How should I invest my nest egg for maximum retirement Income?

CNN/ Newswire | 5/23/2018, 11:05 a.m.
I'm in my mid 60s and have about $1.2 million I would like to invest for the maximum income possible ...

Walter Updegrave

(CNN Money) -- I'm in my mid 60s and have about $1.2 million I would like to invest for the maximum income possible for the rest of my life. I don't care for stocks or bonds because I hate the idea of seeing the value of my savings drop if the market has a correction. And I don't understand annuities. Any suggestions?—M.B.

You've got a number of conflicting wants and needs that you'd do well to sort out if you hope to come up with a sensible plan to convert your nest egg into income that can support you the rest of your life.

You say, for example, that you want "the maximum income possible," yet you seem bent on ruling out stocks and bonds, investments that, in combination, have a solid record of being able to deliver the size returns you need to generate a high level of income for the long term.

You also express concern about the value of your savings dropping during market downturns. That's understandable. No one enjoys seeing his nest egg take a hit, especially the gut punch of a severe bear market. But this aversion to seeing even a temporary decline is incompatible with your desire for maximum income. The more you dampen up-and-down swings in the value of your retirement portfolio, the more you reduce your return potential, which makes it tougher to get the higher retirement income you seek. You can't have it both ways, a shot at maximum income and total stability.

Finally, you say you want this income to last for life. But you then seem to suggest that annuities — a type of investment specifically designed to create a payout you can't outlive — are a no-go. I agree that annuities can be difficult, sometimes almost impossible, to understand. And I don't want to suggest that you must own an annuity. Still, if you really want retirement income you can count on for the rest of your life, I think it's at least worth considering whether an annuity might make sense.

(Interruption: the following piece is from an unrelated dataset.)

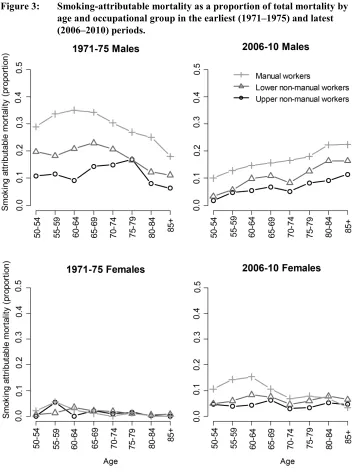 Figure 3: Smoking-attributable mortality as a proportion of total mortality by 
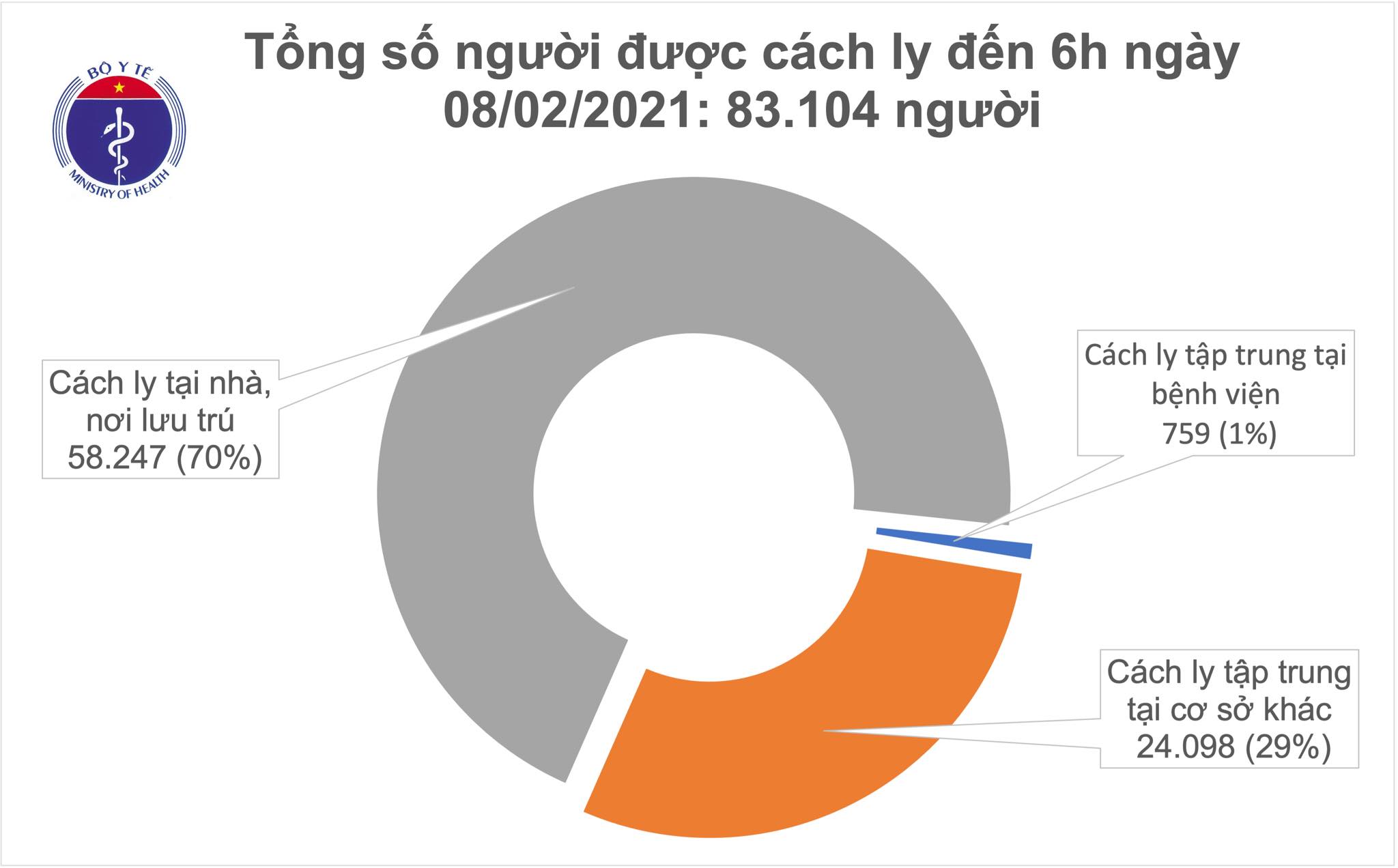 2-8 cach ly sang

All of which is to say that I think you need to consider setting a more realistic goal when it comes to retirement income — namely, creating a plan that can get you a reasonable amount of sustainable income given your resources, while limiting volatility to a manageable level rather than trying to do away with it altogether.

Related: 4 steps you should take when buying an annuity

The first step toward creating such a plan is to get a handle on how much income you'll need to cover your retirement expenses. You can do that by going to an online budgeting tool like BlackRock's Retirement Expense Worksheet, which has room for you to enter dozens of retirement expenses ranging from essential outlays for housing, food, health care and transportation to more discretionary expenditures for travel, entertainment and charitable donations.

Once you've toted up your expenses, you can then see how much of those costs you'll be able to pay for with assured income from sources like Social Security and any pensions. If you haven't already begun drawing Social Security, you can see what size monthly check you might receive by going to the Social Security Administration's Retirement Estimator tool.